» WHAT IS BEING ASKED: Beginning at the line containing "Carpettex Moderne Tapis" and continuing to the end of the records below, give each line again exactly as it stands, and only those lines.

[Start of section]

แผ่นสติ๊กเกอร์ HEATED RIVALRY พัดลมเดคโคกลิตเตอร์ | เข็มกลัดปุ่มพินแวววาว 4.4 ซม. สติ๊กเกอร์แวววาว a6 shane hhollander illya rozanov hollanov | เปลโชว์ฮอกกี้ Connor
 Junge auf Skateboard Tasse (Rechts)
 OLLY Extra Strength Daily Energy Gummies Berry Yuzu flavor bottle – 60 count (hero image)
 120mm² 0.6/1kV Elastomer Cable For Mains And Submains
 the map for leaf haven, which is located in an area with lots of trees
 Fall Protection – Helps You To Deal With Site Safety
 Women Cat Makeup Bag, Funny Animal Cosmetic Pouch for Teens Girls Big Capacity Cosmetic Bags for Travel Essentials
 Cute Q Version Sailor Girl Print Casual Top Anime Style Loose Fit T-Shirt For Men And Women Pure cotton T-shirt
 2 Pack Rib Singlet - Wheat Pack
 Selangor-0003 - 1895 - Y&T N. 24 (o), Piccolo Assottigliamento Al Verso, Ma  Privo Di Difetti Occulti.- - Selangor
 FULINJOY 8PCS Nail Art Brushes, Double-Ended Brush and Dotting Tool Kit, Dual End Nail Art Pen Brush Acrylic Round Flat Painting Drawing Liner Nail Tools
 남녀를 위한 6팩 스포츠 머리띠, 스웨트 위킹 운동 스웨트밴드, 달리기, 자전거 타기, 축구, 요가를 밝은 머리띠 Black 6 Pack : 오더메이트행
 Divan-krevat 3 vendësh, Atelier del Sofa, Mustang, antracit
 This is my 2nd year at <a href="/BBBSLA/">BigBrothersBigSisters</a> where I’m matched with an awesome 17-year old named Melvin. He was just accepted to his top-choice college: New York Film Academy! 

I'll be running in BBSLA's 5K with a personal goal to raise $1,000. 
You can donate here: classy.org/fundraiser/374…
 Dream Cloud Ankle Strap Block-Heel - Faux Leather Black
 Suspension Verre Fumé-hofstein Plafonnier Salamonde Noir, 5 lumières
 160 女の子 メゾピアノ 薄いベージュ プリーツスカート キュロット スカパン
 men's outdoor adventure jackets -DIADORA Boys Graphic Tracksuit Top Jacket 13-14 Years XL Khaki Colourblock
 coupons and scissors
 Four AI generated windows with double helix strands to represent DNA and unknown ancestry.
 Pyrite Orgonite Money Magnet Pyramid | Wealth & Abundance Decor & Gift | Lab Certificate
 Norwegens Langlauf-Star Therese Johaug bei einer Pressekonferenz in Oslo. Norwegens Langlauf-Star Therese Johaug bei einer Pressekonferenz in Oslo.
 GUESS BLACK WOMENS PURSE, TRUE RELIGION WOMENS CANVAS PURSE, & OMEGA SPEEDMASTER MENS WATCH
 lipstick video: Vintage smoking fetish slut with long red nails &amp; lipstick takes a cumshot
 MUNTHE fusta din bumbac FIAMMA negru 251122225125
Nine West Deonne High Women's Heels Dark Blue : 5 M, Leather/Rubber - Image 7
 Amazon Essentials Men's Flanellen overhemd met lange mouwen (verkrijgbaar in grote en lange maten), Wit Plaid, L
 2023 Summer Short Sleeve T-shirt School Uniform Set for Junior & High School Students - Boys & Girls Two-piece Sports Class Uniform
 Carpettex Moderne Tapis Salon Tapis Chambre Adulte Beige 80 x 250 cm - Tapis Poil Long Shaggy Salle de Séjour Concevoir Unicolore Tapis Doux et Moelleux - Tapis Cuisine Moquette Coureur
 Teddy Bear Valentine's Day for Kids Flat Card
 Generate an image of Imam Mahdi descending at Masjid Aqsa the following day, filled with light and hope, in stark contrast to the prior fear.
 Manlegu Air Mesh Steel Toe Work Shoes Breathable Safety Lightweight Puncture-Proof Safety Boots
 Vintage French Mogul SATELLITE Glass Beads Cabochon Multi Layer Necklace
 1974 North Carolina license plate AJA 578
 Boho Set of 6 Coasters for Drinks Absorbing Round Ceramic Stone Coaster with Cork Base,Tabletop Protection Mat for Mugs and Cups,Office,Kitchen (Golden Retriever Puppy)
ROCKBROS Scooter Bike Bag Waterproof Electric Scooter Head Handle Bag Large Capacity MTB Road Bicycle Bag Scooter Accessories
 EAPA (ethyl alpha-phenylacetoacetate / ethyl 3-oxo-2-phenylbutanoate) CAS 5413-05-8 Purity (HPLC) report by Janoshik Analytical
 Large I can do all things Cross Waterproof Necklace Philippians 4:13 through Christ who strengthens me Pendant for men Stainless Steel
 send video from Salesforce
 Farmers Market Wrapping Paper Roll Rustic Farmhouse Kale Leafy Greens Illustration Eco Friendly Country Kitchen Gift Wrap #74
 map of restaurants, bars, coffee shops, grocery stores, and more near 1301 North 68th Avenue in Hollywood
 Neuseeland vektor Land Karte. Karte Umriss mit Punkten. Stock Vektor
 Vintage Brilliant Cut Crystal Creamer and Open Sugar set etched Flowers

[End of section]

» ANSWER TO THIS TASK:
 Carpettex Moderne Tapis Salon Tapis Chambre Adulte Beige 80 x 250 cm - Tapis Poil Long Shaggy Salle de Séjour Concevoir Unicolore Tapis Doux et Moelleux - Tapis Cuisine Moquette Coureur
 Teddy Bear Valentine's Day for Kids Flat Card
 Generate an image of Imam Mahdi descending at Masjid Aqsa the following day, filled with light and hope, in stark contrast to the prior fear.
 Manlegu Air Mesh Steel Toe Work Shoes Breathable Safety Lightweight Puncture-Proof Safety Boots
 Vintage French Mogul SATELLITE Glass Beads Cabochon Multi Layer Necklace
 1974 North Carolina license plate AJA 578
 Boho Set of 6 Coasters for Drinks Absorbing Round Ceramic Stone Coaster with Cork Base,Tabletop Protection Mat for Mugs and Cups,Office,Kitchen (Golden Retriever Puppy)
ROCKBROS Scooter Bike Bag Waterproof Electric Scooter Head Handle Bag Large Capacity MTB Road Bicycle Bag Scooter Accessories
 EAPA (ethyl alpha-phenylacetoacetate / ethyl 3-oxo-2-phenylbutanoate) CAS 5413-05-8 Purity (HPLC) report by Janoshik Analytical
 Large I can do all things Cross Waterproof Necklace Philippians 4:13 through Christ who strengthens me Pendant for men Stainless Steel
 send video from Salesforce
 Farmers Market Wrapping Paper Roll Rustic Farmhouse Kale Leafy Greens Illustration Eco Friendly Country Kitchen Gift Wrap #74
 map of restaurants, bars, coffee shops, grocery stores, and more near 1301 North 68th Avenue in Hollywood
 Neuseeland vektor Land Karte. Karte Umriss mit Punkten. Stock Vektor
 Vintage Brilliant Cut Crystal Creamer and Open Sugar set etched Flowers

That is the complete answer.